An American Abroad

Murals of Resistance in Old San Juan

The road from Condado to Old San Juan rises near the edge of a steep cliff. You can follow the road the be among the tourists and the swells and the middle class people who make the old city their home. Or you can follow one of the walkways down to the bottom of the cliff and find yourself in the much poorer neighborhood of La Perla, a strip of tightly spaced ramshackle houses that were made famous recently as the setting for major portions of the Despacito video. This arrangement vividly illustrates the observation that the world around, the rich people live up high and the poor people live down low.

The wall these murals are on is a divides La Perla from Old San Juan. It’s an excellent spot to call attention to economic and political injustice. Which is what the Students of the School of Plastic Arts in Resistance did in creating these murals. Some of them refer, directly or indirectly, to the fiscal control board (locally referred to as The Junta) that controls the Puerto Rican government’s purse. Others allude more generally to the island’s colonial status.

This first one reads, “But Mr. Official, it’s just a wall. Why are walls so dangerous?” “Because walls speak when justice is silent and the media lies.”

Below: “We don’t understand this ‘democracy.'”

Left: “We record our dead: 4645” Right: “PROMESA (the fiscal control board appointed by the federal government that now runs Puerto Rico’s economic affairs) is POVERTY!” (This rhymes in Spanish.)

“Do the work, Puerto Rican, this fight is for you.”

The text below says “Get up! Stir up! Resist! Do as the cornered bull: bray! Or like the bull that does not bray: charge!” It comes from a famous poem called “En La Brecha” (Into the Breach) by the Puerto Rican poet-lawyer-activist Jose de Diego.

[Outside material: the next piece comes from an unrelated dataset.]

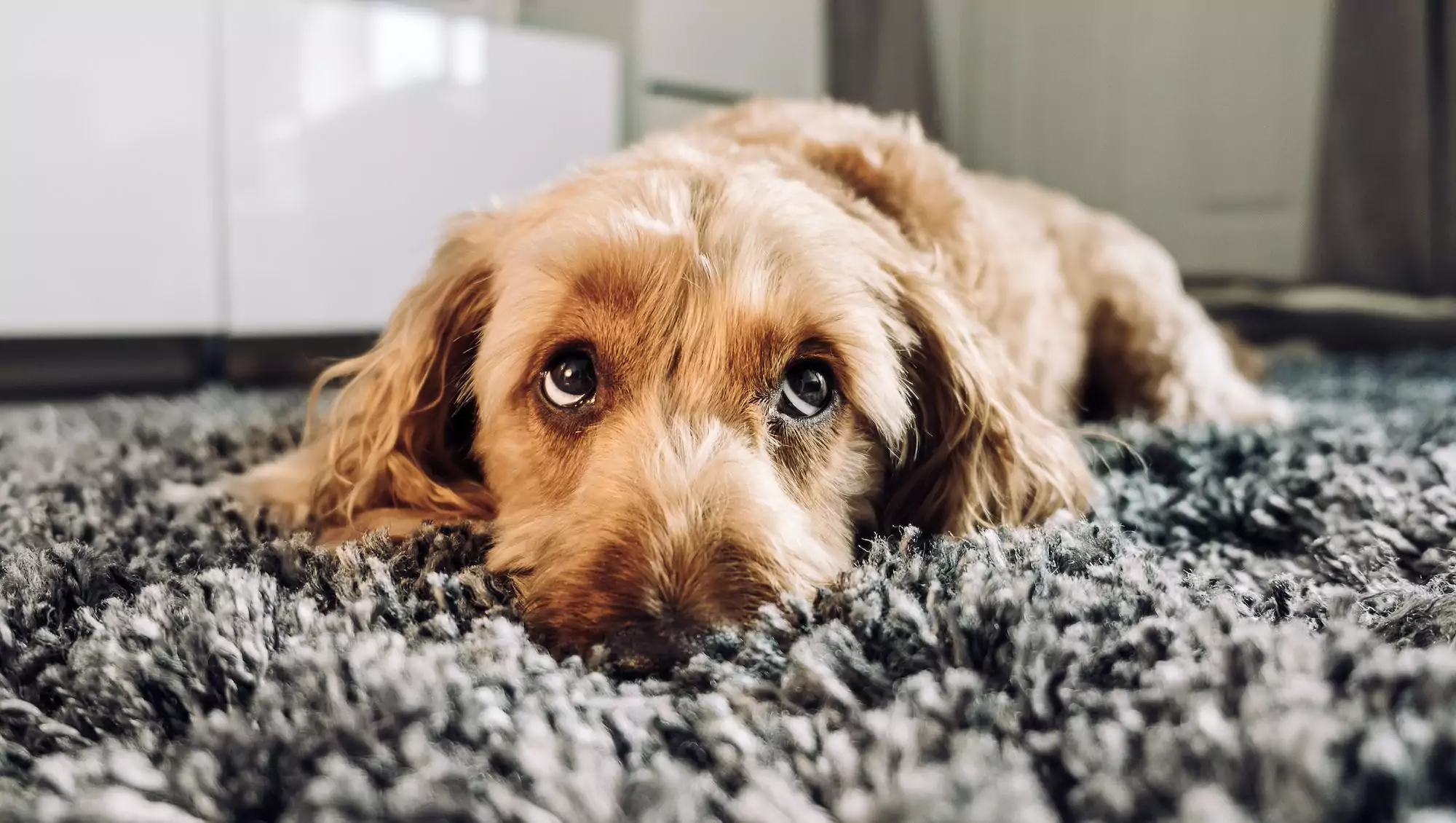 Are My Dog’s “Eye Boogers” Normal?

The spirit of resistance is alive and well here in Puerto Rico. Think of it: three million people who are subject to the laws of the federal government and yet have no voting members of Congress or the Senate and who cannot vote in general presidential elections. Who lost over 4,000 of their neighbors, friends, and family members in Hurricane Maria and suffered economic damages equivalent to a full year of the island’s GDP, and who were tossed a roll of paper towels by the President of the United States. It’s amazing to me that the people here aren’t marching in the streets every day.